Teach your kids a good hygiene routine, absolutely. Suggest that anyone who doesn't bath or shower on a daily basis is "lazy and slovenly", absolutely ridiculous! The notion of showering every day is a very modern phenomenon. After all, it's only in the last few decades that it's become the norm for houses to be built with showers, and up until the 70s there were lots of houses in this country without an indoor bathroom. Human beings vary, and that includes a degree of variation on how long they can go between baths or showers without getting whiffy and how quickly their hair will start to look greasy. How you spend your day is obviously also going to have a bearing on things.
When will it 'click' though?
DH showers daily, I'm terrible, I shower twice a day or I'm not happy.
Mornings and then after work, the DCs now this, we set a good example, we tell them ad nausem - why don't they bloody shower??
Daily, and tbh I think anyone who thinks its acceptable to only wash twice a week is a minger. You probably are convinced you dont smell but sorry to break it to you, you most likely do!
Its not OTT to wash daily, it really isnt, its lazy and slovenly not to. Body parts naturally sweat and smell over a normal day, its perfectly natural but thats why soap was invented, Do your kid a favour and teach them a good hygiene routine, their friends and future partner will thank you;)
My DD is a real soap dodger but I leave the house before she's up so can't drag her into the shower.
I make sure she has a bath at the weekend.
DD washes her hair every time she showers - the new shower is in the ceiling so hard not to.
Til bathroom was done last month she shpwered every other day due to logistics.
DD is 10y and in Y6. She now has a shower most days - just Fridays she sometimes misses out due to organisation stuff and having to get out quickly that morning. If no shower she has a flannel/wet wipes to do the key parts
I posted the same question at another parenting forum about a 11 years old stepdaughter with long hair should at least shower 3-4 times a day and i was bombarded as unreasonable. So that was me thinking i came from a different culture so the concept doesn't apply here. And the reason i insisted she should shower more often because she always showed up at ours during weekend with greasy and smelly hair and at one point she has nits problem because of the long hair. She still refused to shower at ours claiming the kids organic shampoo is not good for her hair and other Timotei shampoo makes her scalp itch. (She said she only use the shampoo her mom made which is adding some lemon oil into a cheap shampoo from morrisons). She didnt have one since previous weekend and she promised she would shower at her mom's. Then she showed up last weekend with the same greasy hair. We texted the mom and she said she didnt have a shower all week because they just moved into a new house and there are boxes in the shower. I was shocked, She didnt have a shower for 2 weeks. No wonder the smell.....I am speechless
Currently with DD1 (11) it's 2-3 times a week, but only if I force her, otherwise she is a definite soap-dodger. She is a long way from puberty, although she is starting to need deodorant.

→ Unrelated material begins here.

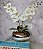 Arranjo Com 2 Orquídeas Branca Vaso Prata 22cm - Imagem 1
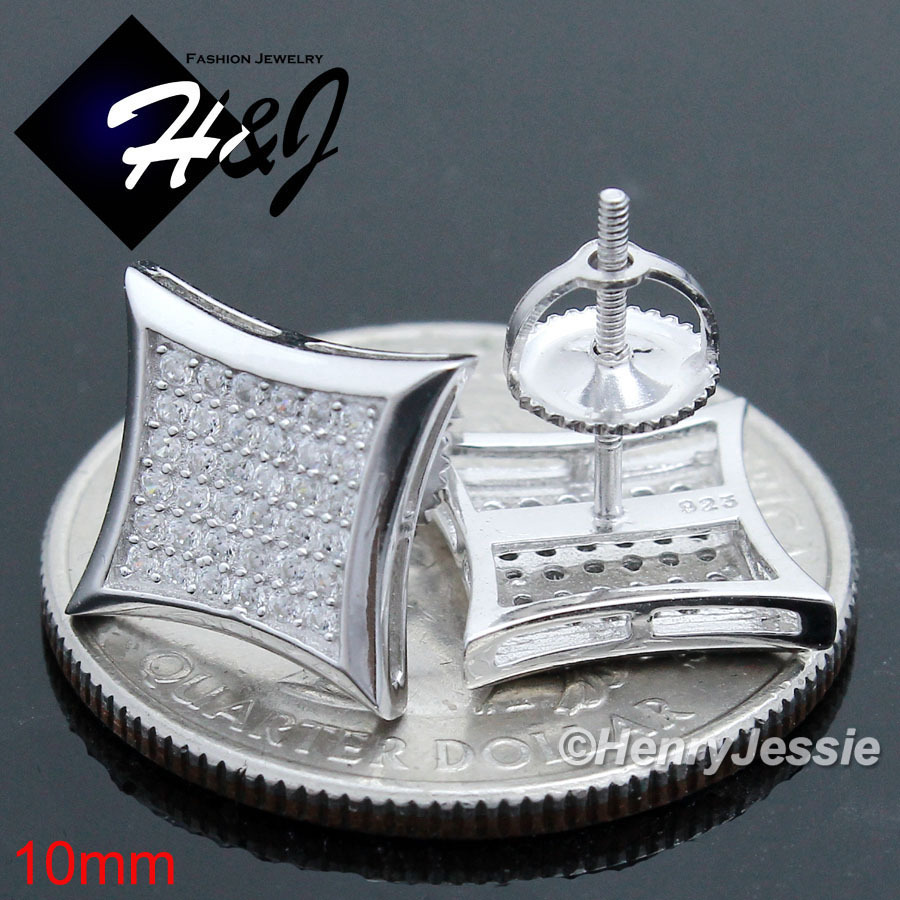 MEN SOLID 925 STERLING SILVER ICY BLING CZ 10/13MM 3D SQUARE STUD EARRING*E98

I think she is washing enough for a pre-teen, but I do need to start ramping it up so she gets into the habit of daily washing. The main problem is the queue for the bathroom - DS (13) is the polar opposite of his sister and spends hours in there.
I was just like her when I was 11, but I was at boarding school, so there was no-one to monitor my washing habits. Eventually it was peer pressure that forced me into the bathroom!